*Problem details*
Would you repeat each line below precisely as it stands?

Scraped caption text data
• • •

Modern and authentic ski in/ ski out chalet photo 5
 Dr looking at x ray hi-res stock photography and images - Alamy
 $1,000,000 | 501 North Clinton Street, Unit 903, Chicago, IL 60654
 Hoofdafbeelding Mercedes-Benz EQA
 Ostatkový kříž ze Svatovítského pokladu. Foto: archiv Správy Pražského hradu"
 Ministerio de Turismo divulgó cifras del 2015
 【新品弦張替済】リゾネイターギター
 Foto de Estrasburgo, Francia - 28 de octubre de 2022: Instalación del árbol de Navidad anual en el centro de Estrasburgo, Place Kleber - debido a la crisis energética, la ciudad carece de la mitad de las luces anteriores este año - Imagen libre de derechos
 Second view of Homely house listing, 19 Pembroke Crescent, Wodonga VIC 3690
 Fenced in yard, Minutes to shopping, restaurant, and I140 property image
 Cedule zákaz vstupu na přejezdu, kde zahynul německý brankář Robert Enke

• • •

*Answer for the task*
Modern and authentic ski in/ ski out chalet photo 5
 Dr looking at x ray hi-res stock photography and images - Alamy
 $1,000,000 | 501 North Clinton Street, Unit 903, Chicago, IL 60654
 Hoofdafbeelding Mercedes-Benz EQA
 Ostatkový kříž ze Svatovítského pokladu. Foto: archiv Správy Pražského hradu"
 Ministerio de Turismo divulgó cifras del 2015
 【新品弦張替済】リゾネイターギター
 Foto de Estrasburgo, Francia - 28 de octubre de 2022: Instalación del árbol de Navidad anual en el centro de Estrasburgo, Place Kleber - debido a la crisis energética, la ciudad carece de la mitad de las luces anteriores este año - Imagen libre de derechos
 Second view of Homely house listing, 19 Pembroke Crescent, Wodonga VIC 3690
 Fenced in yard, Minutes to shopping, restaurant, and I140 property image
 Cedule zákaz vstupu na přejezdu, kde zahynul německý brankář Robert Enke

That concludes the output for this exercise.